*** DATASET RECORDS Section Begins ***

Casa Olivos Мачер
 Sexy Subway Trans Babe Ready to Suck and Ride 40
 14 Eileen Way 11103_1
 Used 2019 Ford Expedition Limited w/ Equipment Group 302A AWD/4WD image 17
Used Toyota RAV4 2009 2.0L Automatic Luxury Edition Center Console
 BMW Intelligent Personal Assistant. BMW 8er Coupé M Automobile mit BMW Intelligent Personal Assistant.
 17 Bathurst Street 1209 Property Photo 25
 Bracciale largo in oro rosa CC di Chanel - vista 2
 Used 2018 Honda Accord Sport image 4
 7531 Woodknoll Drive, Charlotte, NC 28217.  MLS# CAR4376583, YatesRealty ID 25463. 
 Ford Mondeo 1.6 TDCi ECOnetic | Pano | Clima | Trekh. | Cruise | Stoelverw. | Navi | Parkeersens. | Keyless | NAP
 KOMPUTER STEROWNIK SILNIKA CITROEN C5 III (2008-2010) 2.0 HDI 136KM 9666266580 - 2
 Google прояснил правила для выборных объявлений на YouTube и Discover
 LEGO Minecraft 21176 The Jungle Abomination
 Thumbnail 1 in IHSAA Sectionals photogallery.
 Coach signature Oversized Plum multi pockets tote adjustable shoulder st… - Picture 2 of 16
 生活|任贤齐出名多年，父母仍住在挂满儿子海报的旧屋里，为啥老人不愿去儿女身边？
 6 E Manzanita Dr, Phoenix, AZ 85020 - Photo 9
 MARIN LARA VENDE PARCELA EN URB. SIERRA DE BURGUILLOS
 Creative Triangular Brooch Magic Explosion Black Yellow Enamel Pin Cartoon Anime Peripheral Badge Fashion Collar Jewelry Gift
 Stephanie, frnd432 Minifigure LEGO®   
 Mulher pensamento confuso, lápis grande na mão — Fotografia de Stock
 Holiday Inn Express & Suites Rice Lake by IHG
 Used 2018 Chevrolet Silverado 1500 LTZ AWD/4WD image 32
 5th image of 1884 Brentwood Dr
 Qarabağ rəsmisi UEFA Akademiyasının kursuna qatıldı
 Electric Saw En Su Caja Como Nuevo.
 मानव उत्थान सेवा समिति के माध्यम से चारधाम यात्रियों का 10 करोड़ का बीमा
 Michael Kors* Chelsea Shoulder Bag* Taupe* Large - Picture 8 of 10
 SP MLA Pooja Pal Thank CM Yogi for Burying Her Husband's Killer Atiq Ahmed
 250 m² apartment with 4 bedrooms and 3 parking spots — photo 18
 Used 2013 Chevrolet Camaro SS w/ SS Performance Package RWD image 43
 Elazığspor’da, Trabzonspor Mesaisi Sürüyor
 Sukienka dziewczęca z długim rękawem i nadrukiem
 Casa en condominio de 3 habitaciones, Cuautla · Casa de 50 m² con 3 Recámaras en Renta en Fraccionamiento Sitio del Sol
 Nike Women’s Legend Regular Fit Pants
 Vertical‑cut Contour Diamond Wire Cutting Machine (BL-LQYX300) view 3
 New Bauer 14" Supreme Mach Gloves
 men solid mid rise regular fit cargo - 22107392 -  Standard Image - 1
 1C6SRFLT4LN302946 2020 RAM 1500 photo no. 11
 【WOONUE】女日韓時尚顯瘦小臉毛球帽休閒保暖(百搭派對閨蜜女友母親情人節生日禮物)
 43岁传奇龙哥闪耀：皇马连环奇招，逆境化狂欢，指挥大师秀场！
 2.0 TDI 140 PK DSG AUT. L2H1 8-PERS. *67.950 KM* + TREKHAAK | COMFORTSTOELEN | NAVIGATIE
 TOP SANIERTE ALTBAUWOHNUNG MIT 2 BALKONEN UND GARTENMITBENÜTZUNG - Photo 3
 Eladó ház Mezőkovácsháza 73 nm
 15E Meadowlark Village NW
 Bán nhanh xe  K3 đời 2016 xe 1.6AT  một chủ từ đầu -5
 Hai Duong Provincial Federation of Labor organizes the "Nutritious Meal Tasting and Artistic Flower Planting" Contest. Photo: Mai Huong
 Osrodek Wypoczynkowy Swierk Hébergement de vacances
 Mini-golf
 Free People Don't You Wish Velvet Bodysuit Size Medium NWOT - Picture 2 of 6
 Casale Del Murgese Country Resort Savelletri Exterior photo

*** DATASET RECORDS Section Ends ***

→ WORK INSTRUCTION
In the entries above, the lines from the one bearing "Michael Kors* Chelsea" up to and including the one bearing "Nike Women’s Legend Regular Fit Pants" should be transcribed exactly; no other line is wanted.

→ YOUR SOLUTION
 Michael Kors* Chelsea Shoulder Bag* Taupe* Large - Picture 8 of 10
 SP MLA Pooja Pal Thank CM Yogi for Burying Her Husband's Killer Atiq Ahmed
 250 m² apartment with 4 bedrooms and 3 parking spots — photo 18
 Used 2013 Chevrolet Camaro SS w/ SS Performance Package RWD image 43
 Elazığspor’da, Trabzonspor Mesaisi Sürüyor
 Sukienka dziewczęca z długim rękawem i nadrukiem
 Casa en condominio de 3 habitaciones, Cuautla · Casa de 50 m² con 3 Recámaras en Renta en Fraccionamiento Sitio del Sol
 Nike Women’s Legend Regular Fit Pants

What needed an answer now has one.